Site Reliability Engineer
JOB CODE: 7391
Our site reliability engineers (SREs) focus on a rich feature set, high availability, and excellent performance to enable our users to complete their missions.
At Datapixels, we're seeking a DevOps Engineer to join our team. You'll be responsible for providing product updates, troubleshooting production issues, and developing integrations to fulfill our clients' needs. You will play a critical role in bridging the gap between development, quality assurance, and IT operations.

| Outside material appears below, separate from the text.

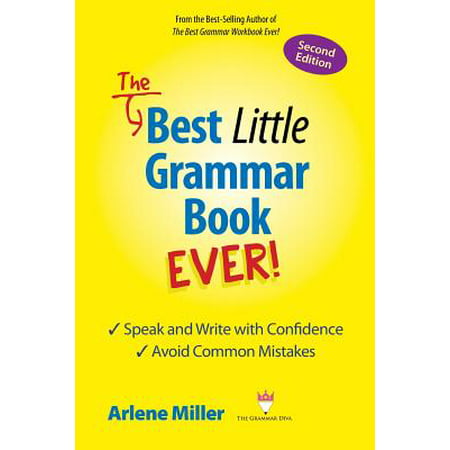 The Best Little Grammar Book Ever! Speak and Write with Confidence / Avoid Common Mistakes, Second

You'll seek to incorporate the routine tasks of software development, quality assurance, deployment, and integration into a single, continuous set of processes.
Objectives of this Role
- Automation of IT Operations, developing and integrating software solutions to increase the stability, automation, and scalability of organizational systems.
- Monitoring critical applications and related services to ensure availability during critical business hours.
- Specifying Service Level Indicators and Objectives.
- Incident Management and Disaster Recovery.
- On-Call Support and Issue Resolution.
- Facilitate Post Incident Analysis.
Primary Responsibilities
- Ensuring that services are available, the underlying infrastructure is properly functioning, and other internal tools, processes, and systems are working as expected.
- Analyzing historical data and setting realistic objectives to meet Service Level Agreements (SLAs).
- Collaborate for high-priority Incident Tickets and ensure system recovery within an SLA.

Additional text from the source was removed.